• [THE DATA]
____

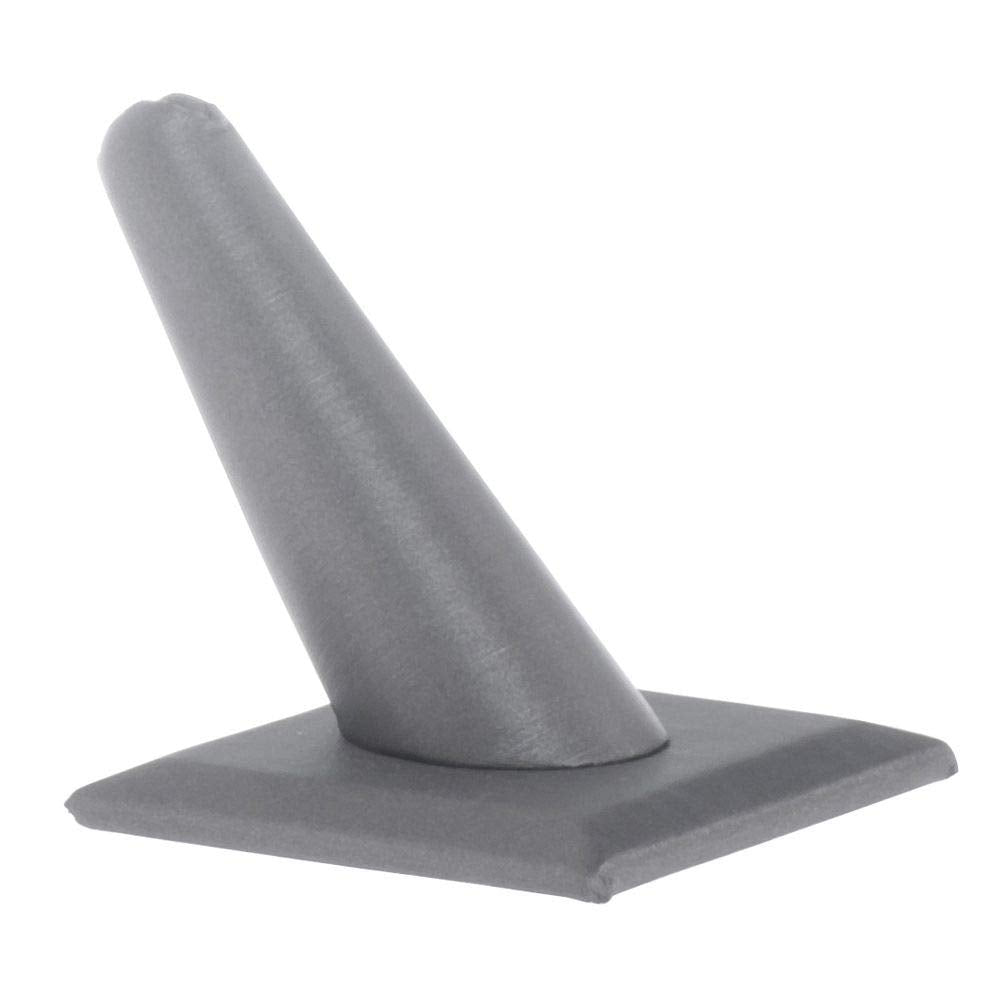 Single Ring Display Post Steel Gray Leatherette by Retail Resource – Model 075-244-4R-SG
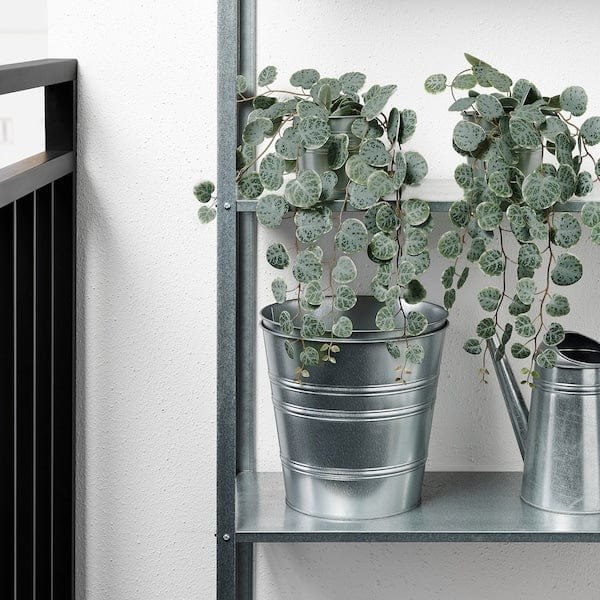 Ikea FEJKA - Artificial potted plant, in/outdoor hanging/String of hearts, 9 cm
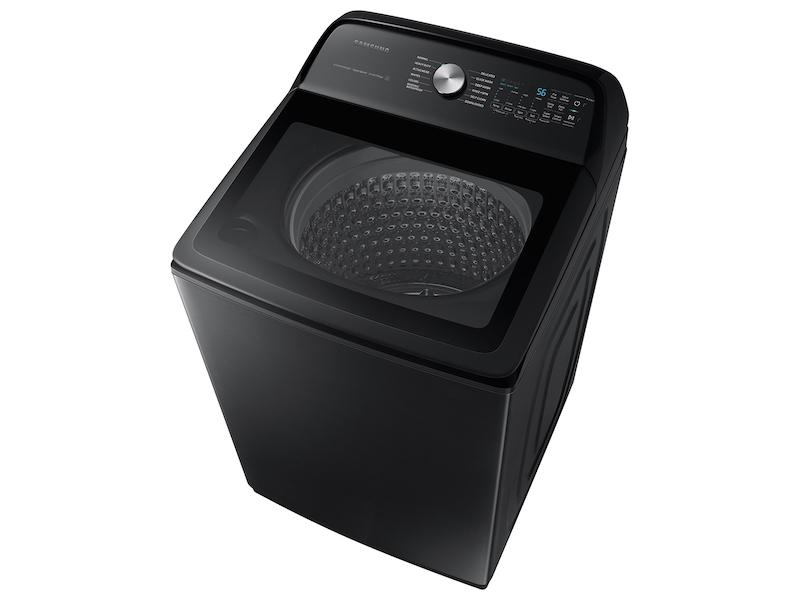 Samsung WA52DG5500AVUS 5.2 Cu. Ft. Large Capacity Smart Top Load Washer With Super Speed Wash In Brushed Black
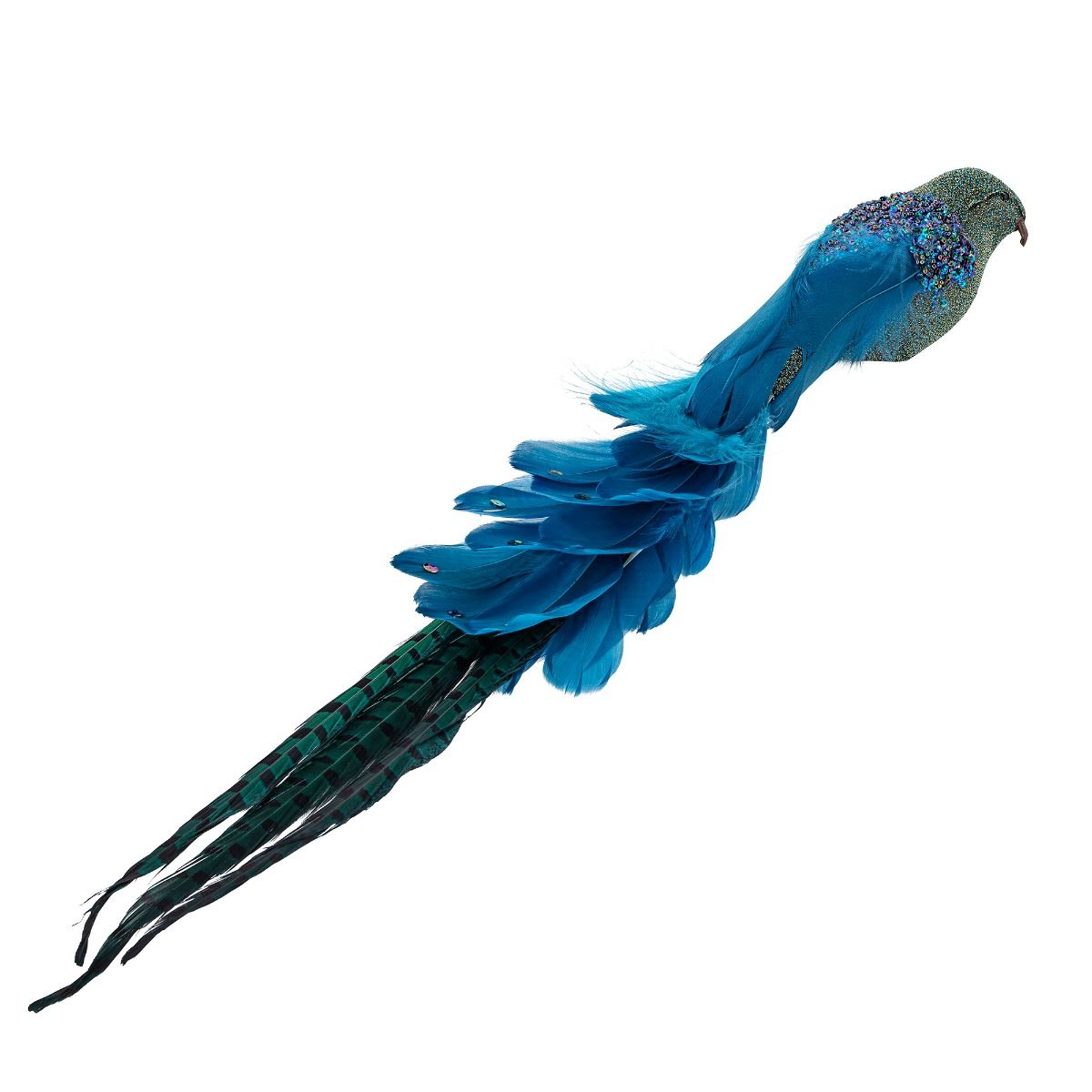 Ozdoba choinkowa Peacock Blue, 2 szt.
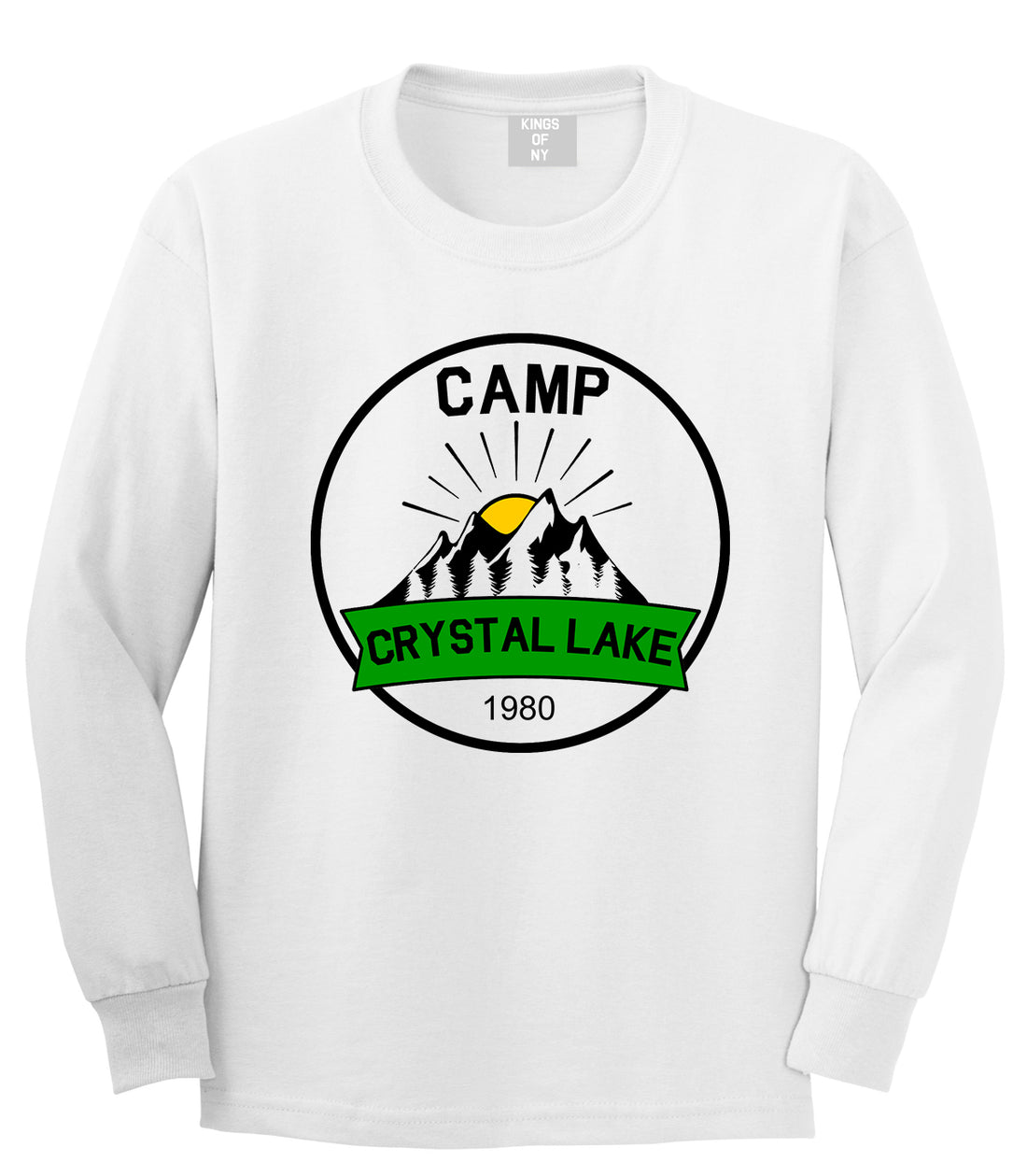 Camp Crystal Lake 1980 Counselor Mens Long Sleeve T-Shirt White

____

• [DIRECTIONS]
Would you please write out the entries in full, exactly as they read, but without pictures?

• [ANSWER BOX]
 Single Ring Display Post Steel Gray Leatherette by Retail Resource – Model 075-244-4R-SG
 Ikea FEJKA - Artificial potted plant, in/outdoor hanging/String of hearts, 9 cm
 Samsung WA52DG5500AVUS 5.2 Cu. Ft. Large Capacity Smart Top Load Washer With Super Speed Wash In Brushed Black
 Ozdoba choinkowa Peacock Blue, 2 szt.
 Camp Crystal Lake 1980 Counselor Mens Long Sleeve T-Shirt White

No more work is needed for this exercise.